A DREAM DEFERRED
Langston Hughes’ Harlem poses the question of what happens to a dream deferred, but it never offered us an answer. The “if” in life is more tangible than some of us would like to believe, and is the main suspect in the case of the deferred dream. What if we would have finished that degree? Would employers consider us as being more viable candidates for the countless jobs we’ve been applying for? What if we would have taken the opportunity to slide into Terrence’s DMs to shoot our shot before he met James? Could it have lead to the development of something special between us?
Of course it’s too late to wonder now as we’re sitting at Terrence and James’ wedding reception filling ourselves with salty Hors d'oeuvres, pricey champagne and regret. We can never be too sure of how things will turn out if we follow our dreams. But a lot of us can damn sure attest to the things that happen when we don’t. Its that business we always wanted to start, but didn’t, the opportunity we passively let slip through our fingers, and the granted we continually take tomorrow for.
There are reasons some of us fall into this trap, and most of them are pretty understandable because they’re rooted in fear. Fear of the struggle, the work, and of failure are three of the most common reasons we don’t go after the things we want and the older we get, the more our proverbial slips start to show. We cautiously move about the safest paths of our lives hiding our apprehensions under a guise of practicality.
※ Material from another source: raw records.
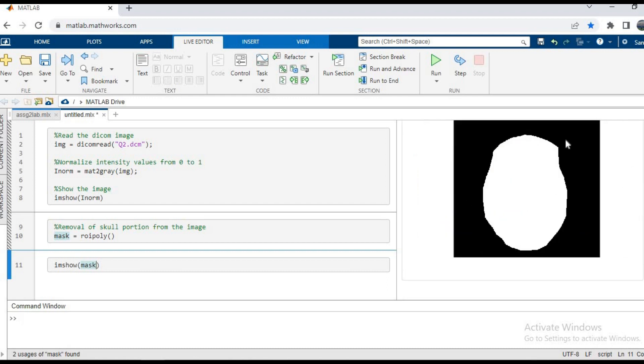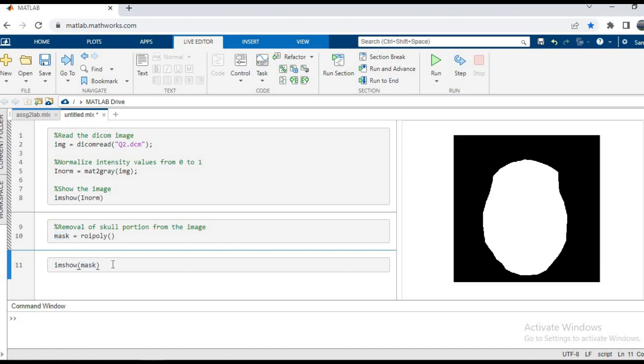As you can see, this is the mask in which the black areas are 0 and the white areas are 1, and we're going to use this mask to remove the skull and extract the brain tissue.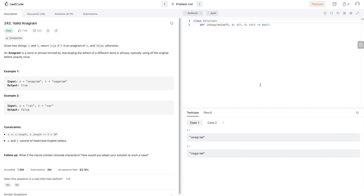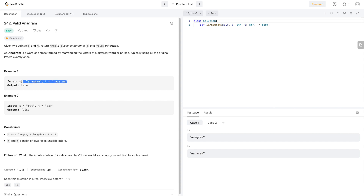In this video we are going to solve LeetCode problem 242, which is Valid Anagram. The problem statement is: given two strings s and t, return true if t is an anagram of s and false otherwise. An anagram is a word or phrase formed by rearranging the letters of a different word or phrase, typically using all the original letters exactly once. The example given is 'anagram' and 'nagaram'.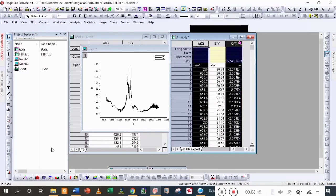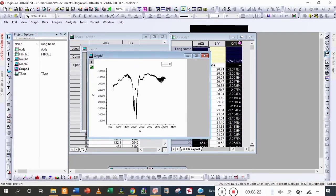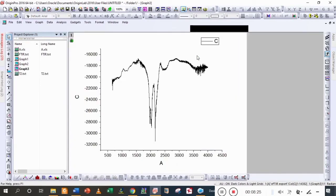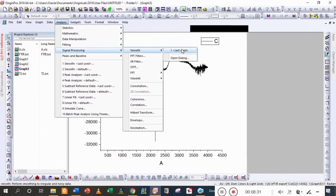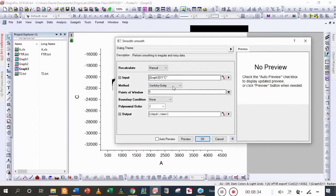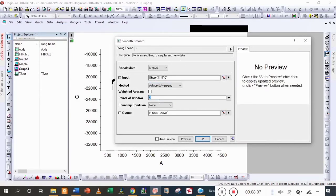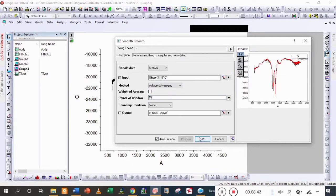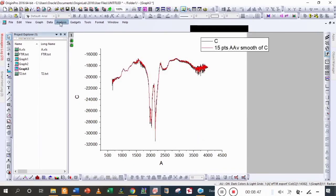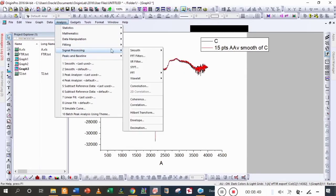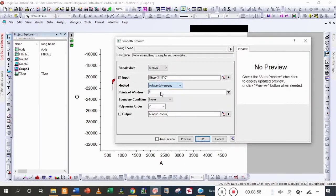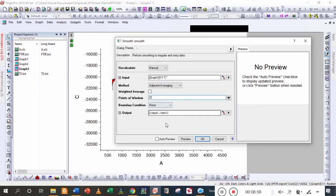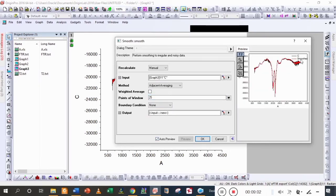We are going to draw it — you can see that the absorbance graph is converted into the transmittance graph. Firstly we will remove the noisy data. Adjacent 15 points, preview — you can see that noisy data is also here, so we are going to again apply a smooth filter. Adjacent 25 points, auto preview.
This is why we never completed that business plan we started back in 2011, because the more we crunched the numbers, the more impractical our fledgling endeavor seemed. We do our best to hide behind this rationale, but deep down, we know the truth. Living with this fear demotes us to the tethered versions of ourselves and keeps us hidden beneath the streets where somewhere up above, our original self is not living in fear, but in the dream that we deferred.